Thousands of false positives in P170. d1g (talk) 13:28, 22 February 2017 (UTC)

ID gathering

It would be nice if the tool could import Crunchbase person ID (P2087), Crunchbase organization ID (P2088). Both of them could also provide additional data.

WikiTree person ID (P2949) and Find a Grave memorial ID (P535) would be nice to have but I wouldn't automatically import additional data due to UGC concerns. ChristianKl (talk) 13:56, 28 September 2016 (UTC)

What are UCG concerns? Thanks, GerardM (talk) 09:39, 7 May 2017 (UTC)

MusicBrainz redirects

Hello! Where does the tool draw the MusicBrainz IDs from? It seems like it often suggests IDs which are redirects to the actual MusicBrainz entity and people will approve the claims without thinking further, which leads to items having redundant IDs. See for example Muscle Museum (Q786253) where a whopping nine MusicBrainz release group ID (P436)’s are suggested, all of which are redirects to 8c99a0a1-bfaf-3c21-b871-b56af6ac7b01. You can tell they’re redirects to said ID by clicking the title or one of the tabs on the MusicBrainz page. According to MusicBrainz docs: ”An entity can have more than one MBID. When an entity is merged into another, its MBIDs redirect to the other entity.” –Kooma (talk) 19:06, 8 January 2017 (UTC)

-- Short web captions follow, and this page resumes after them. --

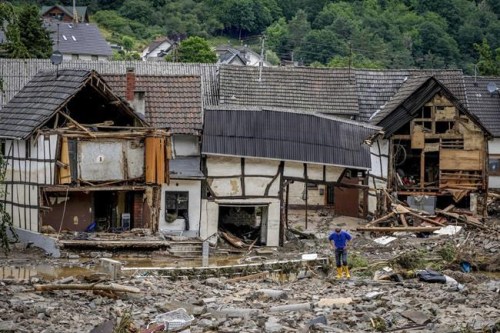 Destroyed houses are seen in Schuld, Germany, Thursday, July 15, 2021. Due to heavy rain falls the Ahr river dramatically went over the banks the evening before. People have died and dozens of people are missing in Germany after heavy flooding turned streams and streets into raging torrents, sweeping away cars and causing some buildings to collapse. (AP Photo/Michael Probst)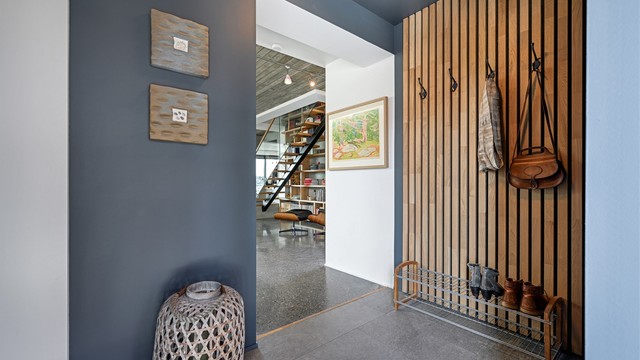 Detaljer som spilevegg i tre gir en varm velkomst og et hint om materialvalgene som går igjen i boligen.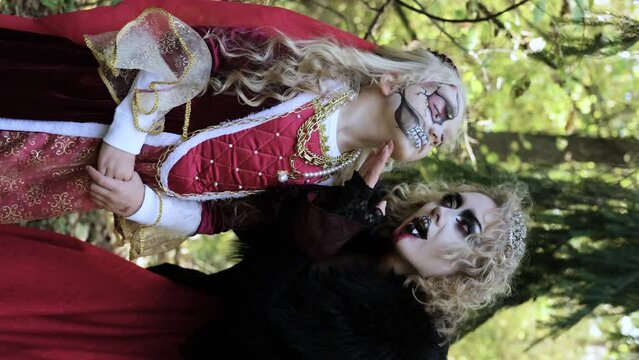 A woman in the form of a vampire or a sorceress poses in the forest with a girl in fairy-tale makeup and medieval dress. Look for Halloween. Vertical video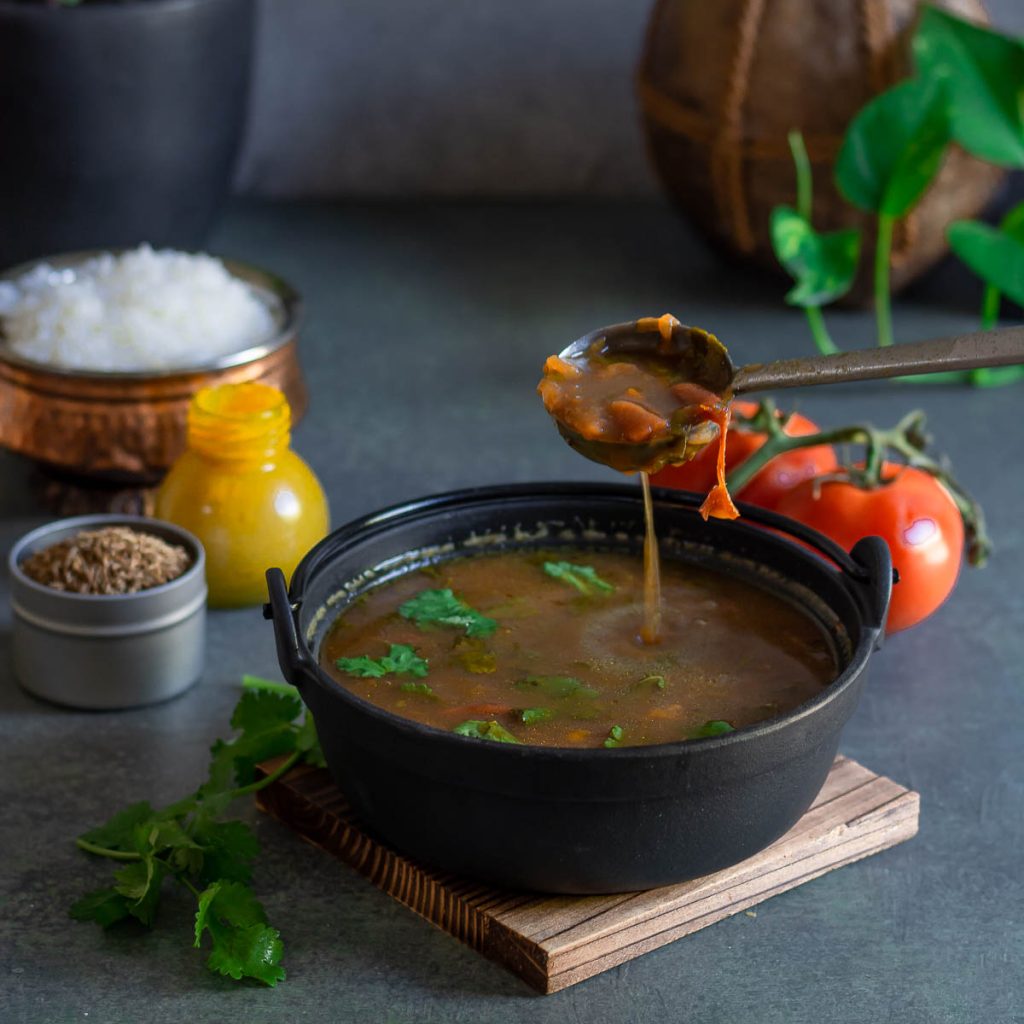 pouring indian tomato soup in a black bowl with ladle, spices, rice and fresh tomatoes in background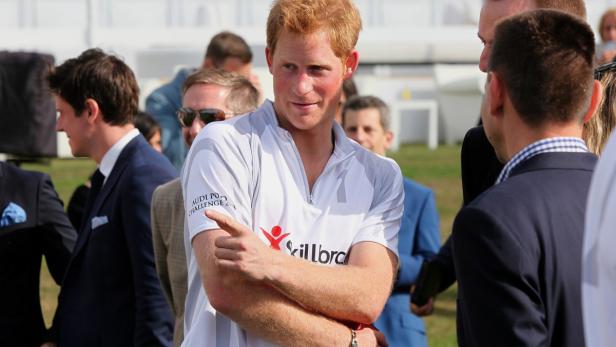 Britain&#039;s Prince Harry gestrues after competing in a charity polo match at Coworth Park, southern England August 3, 2013. REUTERS/Jane Mingay/Pool (BRITAIN - Tags: ENTERTAINMENT ROYALS SOCIETY SPORT)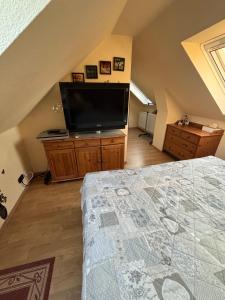 a bedroom with a flat screen tv and a bed at Ferienwohnung Hocke in Wulfsen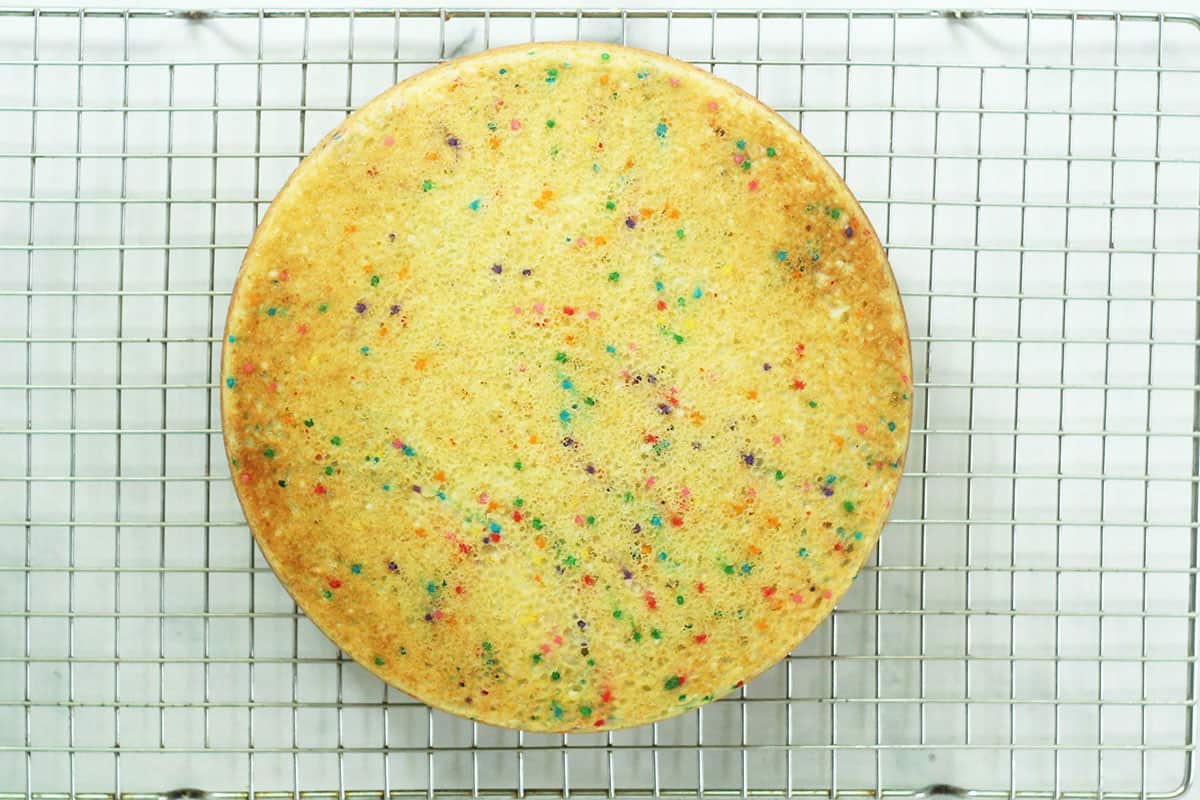 cooling rainbow cake on wire rack.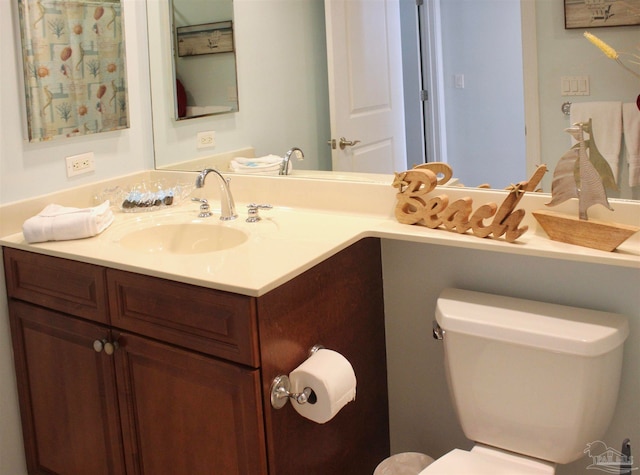 bathroom featuring vanity and toilet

The data we have is dated and the fact that MusicBrainz moves on makes it even more infuriating that we did not import this data in the first place. There are bots that can fix redirects so including them even as a redirect is an improvement. Thanks, GerardM (talk) 09:39, 7 May 2017 (UTC)

Primary Sources gadget tweaking required

Would whomever shunts data and match terms into Primary Sources gadget please look to remove "{Q|21}}" and "Scotland (Q22)" from the country of citizenship suggestions, and replace those with "Kingdom of England (Q179876)" and "Kingdom of Scotland (Q230791)". The items that are England and Scotland are not countries that offer citizenship at this particular time, and incorrect for people of the 17thC and prior. It would also be really useful that for 19thC and 18thC Brits that they were offered United Kingdom of Great Britain and Ireland (Q174193) and Great Britain (Q161885) respectively rather than the modern United Kingdom (Q145). Thanks.  — billinghurst sDrewth 10:39, 6 May 2017 (UTC)

There is no intelligence in what is proposed. Do remember that there is sufficient crap in Wikidata itself to appreciate the standard improvement it provides. With Scotland and a date we can query and fix things. With no data even this is not in the cards. Thanks, GerardM (talk) 09:37, 7 May 2017 (UTC)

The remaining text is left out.